Similar users have enjoyed Pulp Fiction (1994). Watch it?


I mean, while it's not wrong to reccomend Pulp Fiction in this scenario, it seems like it will be a very common recommendation if the only input from user is 'I like 12 Angry Men'.

But we only got recommendation from one user who liked 12 Angry Men. Let's see if we can fix that loop and get multiple users' ratings.

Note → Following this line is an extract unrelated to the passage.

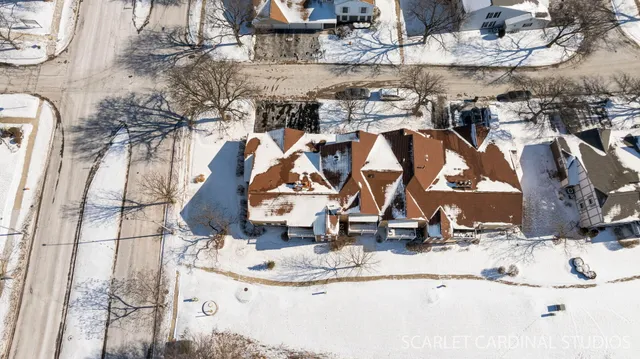 $240,000 | 2057 Lancaster Circle, Unit 101C, Naperville, IL 60565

Also: It can recommend the same movie, but that should be easy to fix.

## Echo chamber

There seem to be an issue with most popular movies being recommended over and over again.

This happens when algorithms and personalized recommendations on social media platforms and other websites show content that aligns with their past behavior or preferences, leading to a reinforcement of their existing beliefs and interests. As a result, popular or trending content may be repeatedly recommended to users who are already interested in that topic, while less popular or more diverse content may be overlooked. This can contribute to a lack of exposure to new ideas and perspectives, and limit opportunities for discovery and growth.